While placing the data in an alphabetical format is the most logical and lends itself to a book format, retrieval of information within the database format is critically important and should be retained in the final distribution of the Database as a CD-ROM. The computer has already become an extension of our libraries, and this format lends itself to timely updates of the information within the database.
The overall design of the database around “browse” and “search” functions is quite helpful. The browse function in particular worked well, and it was possible to move quickly through the document, despite the large number of entries. The search function, however, did not work as well. Description category searches pulled up an incomplete list of entries, for example:
- Search for “textile adhesive” (for adhesives used in the treatment of textiles) in the description category brought up 22 entries but did not include important ones used in the conservation of textiles, including Mowilith, Vinammul, Elvace, Beva, Wheat Starch paste, etc. It is important that the definitions be formatted to include key words to facilitate searching. Although many of these adhesives are in the database, they are not necessarily listed as being used for the conservation of textiles.
- Similar search for “textile detergent” yielded six entries, but omitted important ones such as Icepal and Triton-X.
- “Conservation support fabrics” search did not have any match, “support fabrics” had a few, though none used in the support of textile objects, such as crepeline or stabiltex.

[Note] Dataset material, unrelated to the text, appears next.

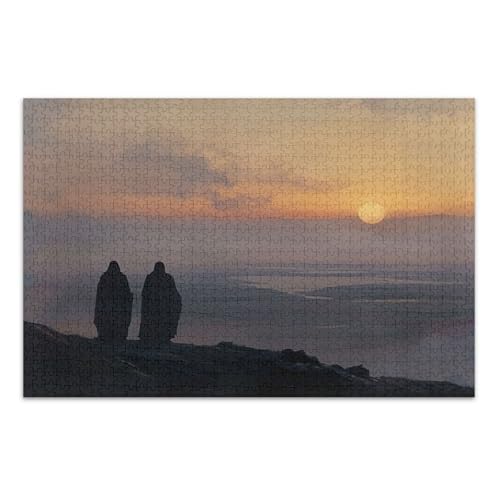 Mountain Top Sunset Gray Puzzles, 1000 Teile Puzzle für Erwachsene, mit Buchstaben auf der Rückseite, lustige Puzzles von Joitme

In addition to the overall search problems mentioned above, successful development of the search function will depend on complete and accurate information in individual entries. While some materials appeared within the database, specific uses (for example for textile conservation) may not have been listed and therefore not retrievable as such. Citations were not present in many cases. CMC is an example, a cellulose derivative that has widespread use in many conservation disciplines. Its use as an antiredeposition agent in the washing of historic textiles was widely embraced within the field of textile conservation after the research of Judith H. Hofenk de Graaff, a use that is important to note in the database and for which there are several citations. Similarly, EDTA has uses listed in the database related to cleaning of metals and objects, but not to textiles, although it was presented in an AIC Specialty Group (Adler and Eaton, 1995) paper for use with cleaning textiles with stains caused by metal ions in previous wash baths. Other obvious omissions, such as Lissapol N and C detergents may have been due to their widespread use in Great Britain and not in this country; however others common in the US should be included, such as the widely used non-ionic detergent Icepal.

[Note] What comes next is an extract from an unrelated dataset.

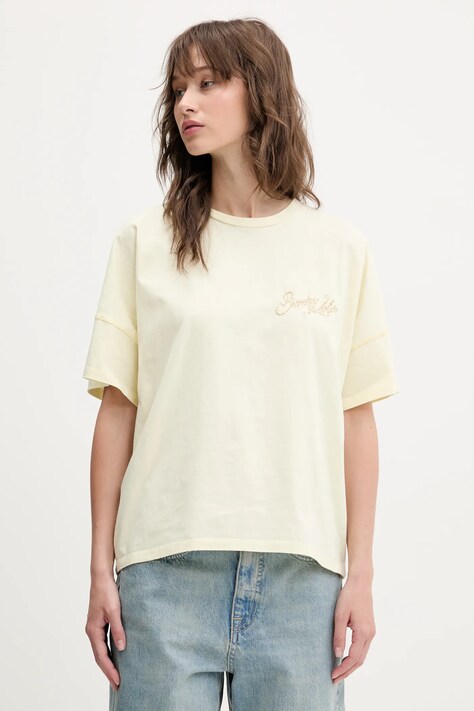 Bimba Y Lola tricou din bumbac culoarea galben, 251BR7418.10100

It appears that Rosalie Rosso King’s book was used extensively for data. It would perhaps be preferable to use sources that offer a full analysis of the topic of fiber identification such as J. Gordon Cook (Handbook of Textile Fibers) and their preparation for manufacture into textiles, such as Marjory L. Joseph (Introductory Textile Science).
Some of the entries simply need clarification, for example rabbit hair, defined as…”fluffy, warm felt fabric.” Rabbit hair has specific chemical and physical properties and optical characteristics, which would be useful in the entry, as do all the fibers. It is used in a number of different weave structures, both woven, knitted, and possibly even felted (nonwoven); to characterize it as a “felt fabric” is inaccurate, and as “fluffy and warm” not particularly useful.
In summary, the foundation for the database is well placed. Additional work is needed on individual entries to incorporate commonly used conservation materials, to edit the existing definitions, and to ensure the use of key words for ease in searching data. Citations should be included as much as possible.